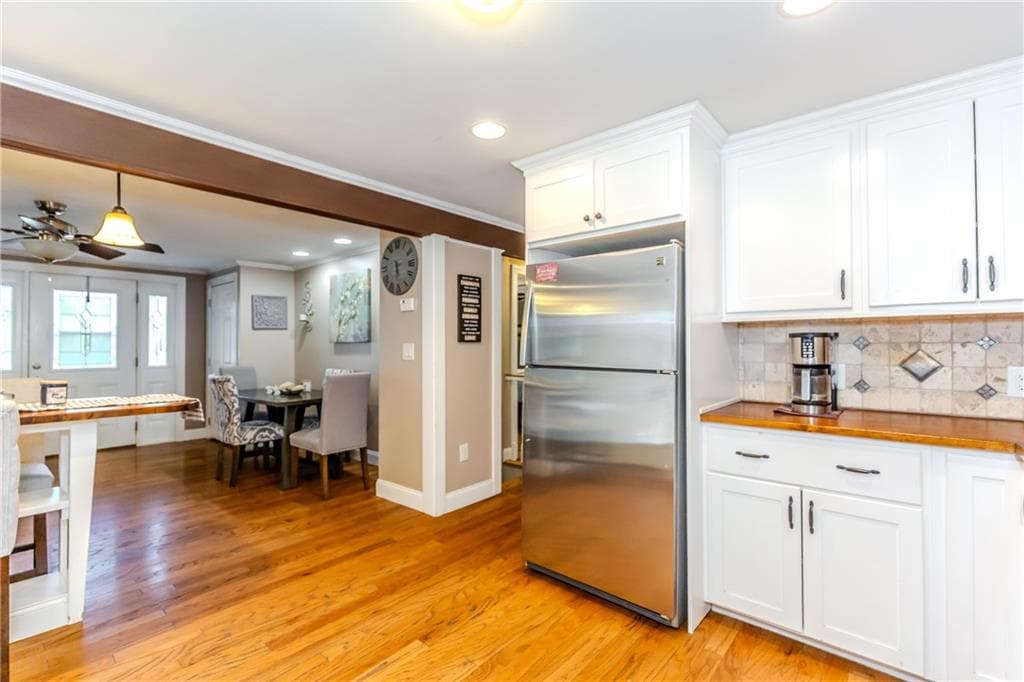 Single Family Residence at 45 Glendale Drive, West Warwick, photo 13 of 34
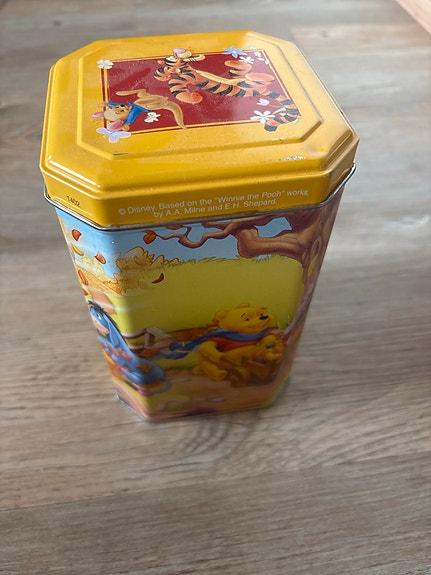 Nalle Puh peltipurkki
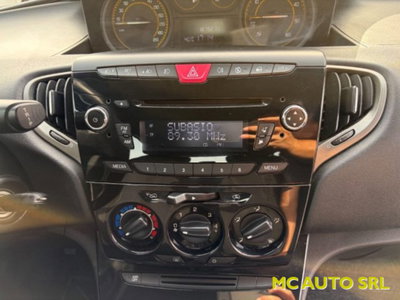 Lancia Ypsilon 1.3 MJT 16V 95 CV 5 porte S&S S Momodesign (11)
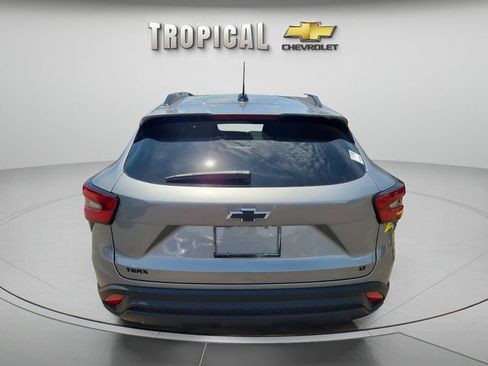 New 2026 Chevrolet Trax LT w/ Midnight Edition FWD image 4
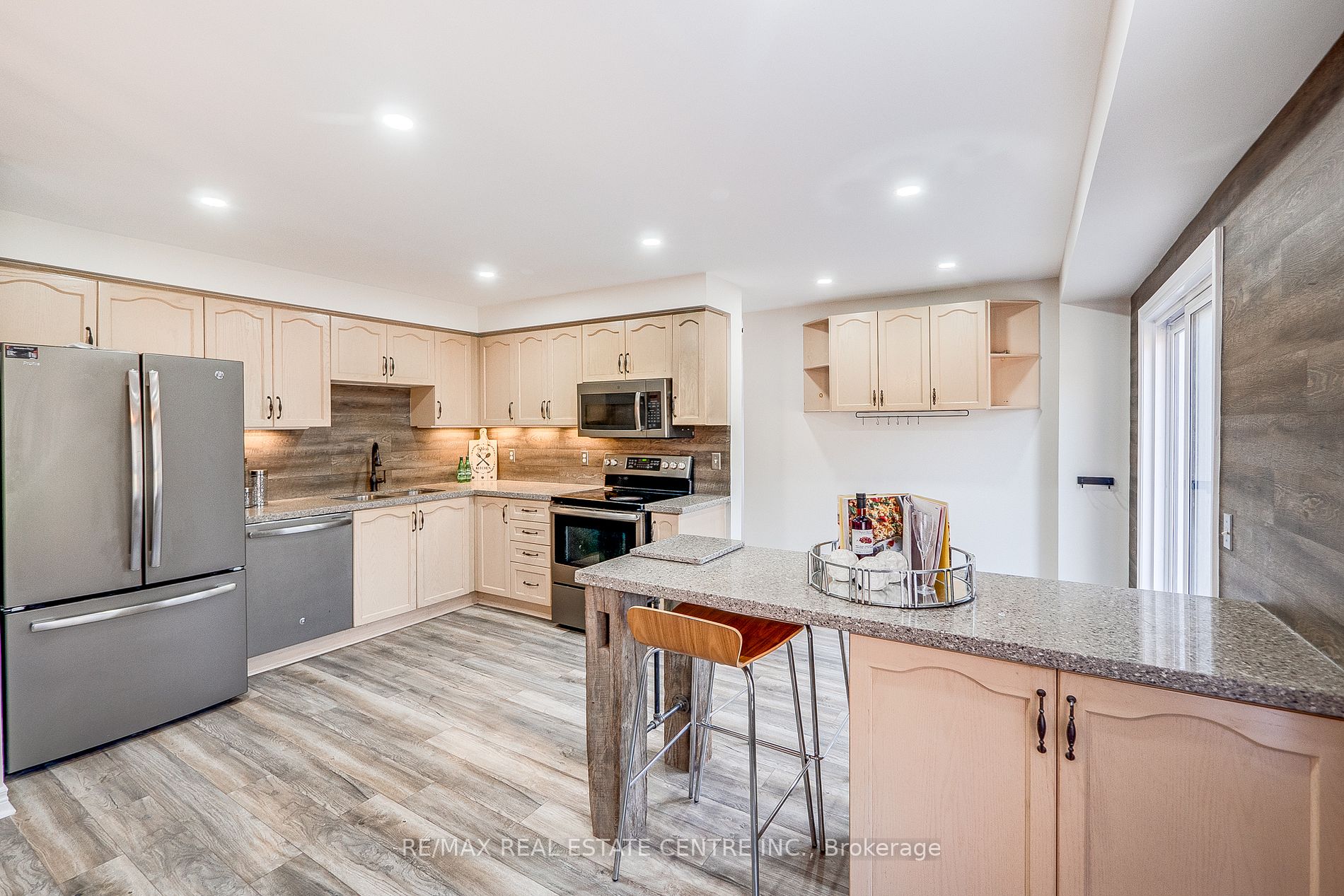 118 Mowat Cres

++++

- Exercise prompt:
I'd like the entries above repeated exactly, but without any of their pictures.

- Your response:
 Single Family Residence at 45 Glendale Drive, West Warwick, photo 13 of 34
 Nalle Puh peltipurkki
 Lancia Ypsilon 1.3 MJT 16V 95 CV 5 porte S&S S Momodesign (11)
 New 2026 Chevrolet Trax LT w/ Midnight Edition FWD image 4
 118 Mowat Cres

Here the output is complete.